Estampa 2022
October 13-16, 2022
Booth 5A11, IFEMA Madrid
For this edition of Estampa, our stand brings together the work of two artists of the same generation whose work oscillates between a poetic plasticity and the generated concept stemming from the physical trace of the gesture on paper.
On the one hand, we present the work of Mar Arza (Castelló de la Plana, 1976), in whose artworks and installations the presence of text is conceived as a plastic, graphic and aesthetic element, which is capable of spreading expressiveness at the same time that it generates a reflection on the content and form of language. We can affirm that Arza’s work, currently on display in the exhibition “A pesar / A saber / A tientas”, curated by Nuria Enguita at IVAM, has evolved from paper to other media such as sculpture or installation, but always with a common nexus, the presence of the typographic sign. For this reason, and with the intention of giving prominence to these pieces, we have selected a group of works produced for her last exhibition at the gallery, among which we distinguish the series Lindes (2020-21), where the author plays with punctuation and different fragments of text to build a narrative continuity; and the series Estados transparentes (2020), in which the watermark conditions the support on which the text is built, and with which, delving into the matter of the sheet, the watermark is extirpated to destabilize the established on the written page.

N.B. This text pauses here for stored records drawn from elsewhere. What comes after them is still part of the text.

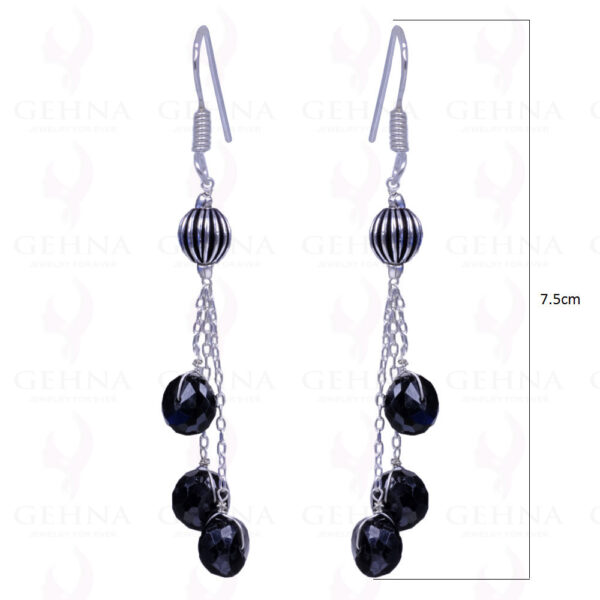 Black Spinel Gemstone Earrings Made In .925 Sterling Silver ES-1122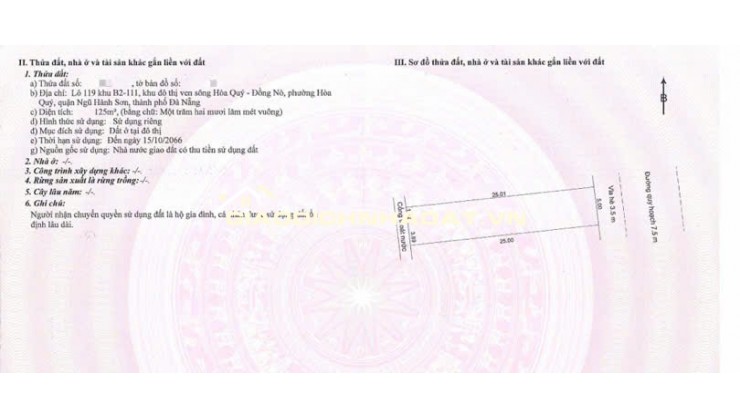 CẦN BÁN ĐẤT ĐƯỜNG BỜ QUAN 3 KHU NAM HOÀ XUÂN 125M2 - 6.8 TỶ. LH:0334681909.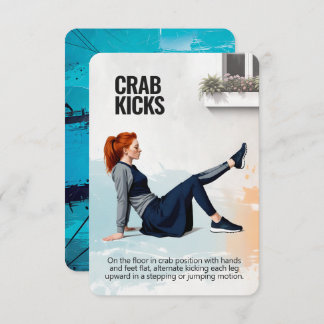 Crab Kicks Fitness Card with Blue Backing
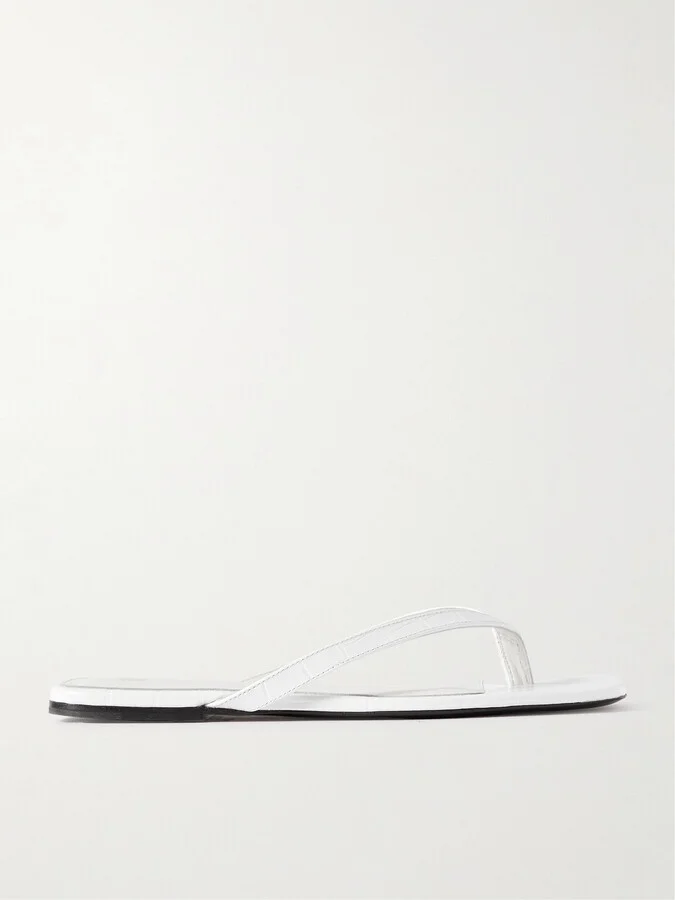 TOTEME - Croc-effect Leather Flip Flops - White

On the other hand, and in dialogue with the delicate graphic traces of Mar Arza, we show works in cement and brick on paper from États limites, the latest series by French artist Jean Denant (Sète, 1979). Works produced for the current exhibition at the gallery, with which the artist reflects upon humanity through the use of materials typical of architecture, dissipating the boundaries between disciplines, encouraging us to gravitate towards a poetic sensibility. États limites alludes to the organization of those territories that, being imagined or real, nourish each other, highlighting the porous fragility of borders, whether psychological, geographical or political. Borders that are essentially turning points where flows change direction, social constructions that do not consist of preventing things from moving, but act as symbols of the movement itself. Works in which the fragility of the content clashes in contrast with the roughness of the materials that contain it.